==== Recorded data

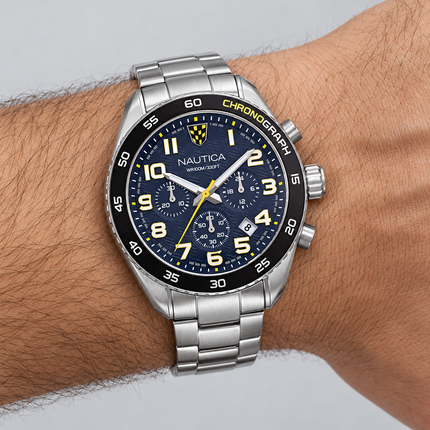 Orologio Nautica NAPKBS227 uomo indossato al polso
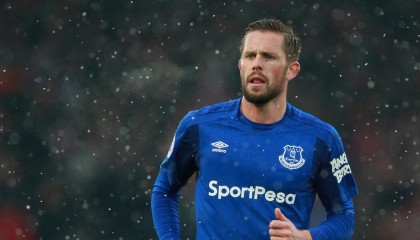 西甲半场战报，卡特纳头球破僵局，奥萨苏纳主场力压皇家社会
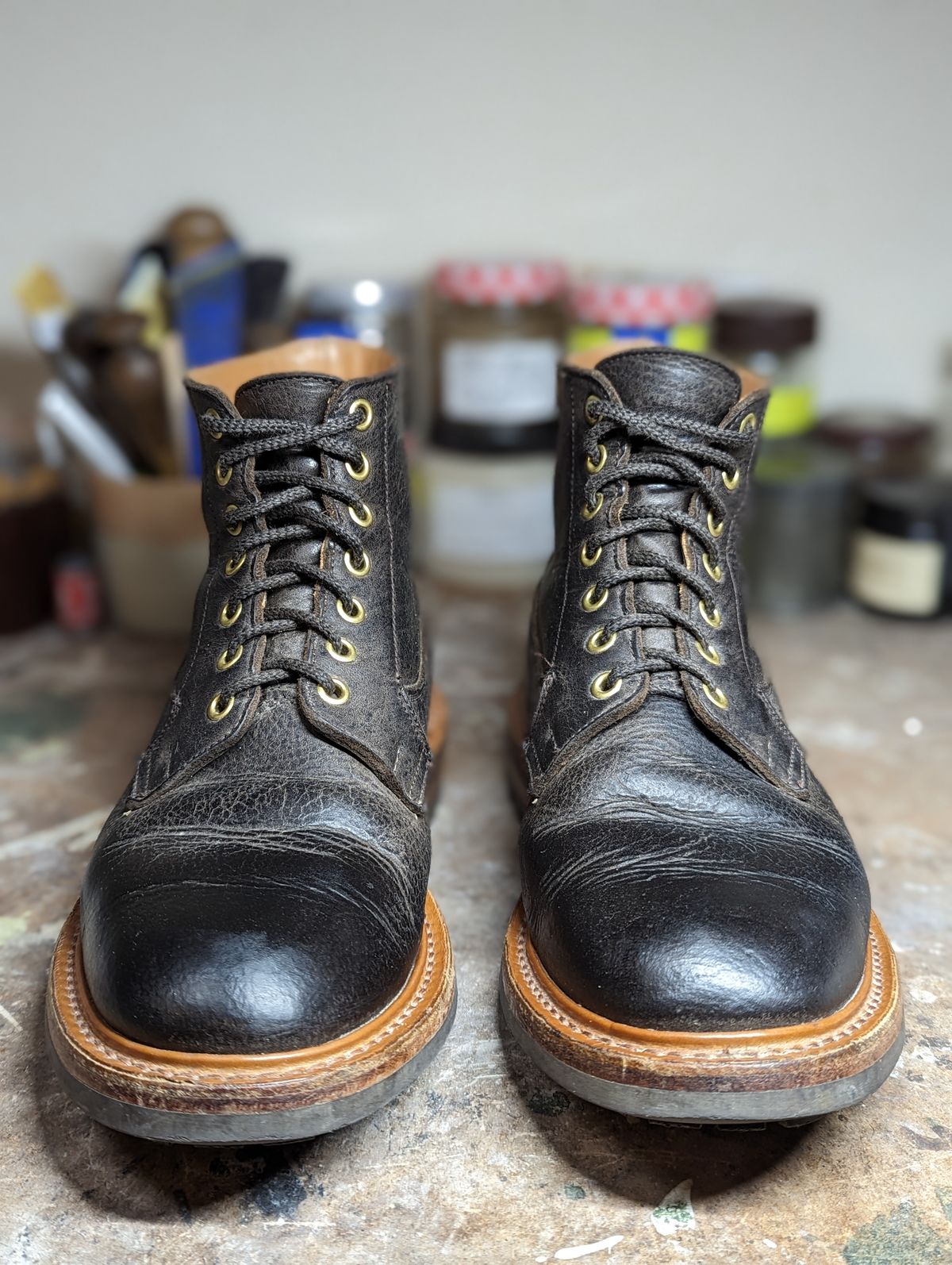 Photo by b_spoke_ on December 5, 2023 of the Tricker's Ripon Derby Field Boot in C.F. Stead Flint Kudu.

========

_Problem_
Each line of the listing above belongs in the answer exactly as written; the pictures do not.

_Answer to this task_
 Orologio Nautica NAPKBS227 uomo indossato al polso
 西甲半场战报，卡特纳头球破僵局，奥萨苏纳主场力压皇家社会
 Photo by b_spoke_ on December 5, 2023 of the Tricker's Ripon Derby Field Boot in C.F. Stead Flint Kudu.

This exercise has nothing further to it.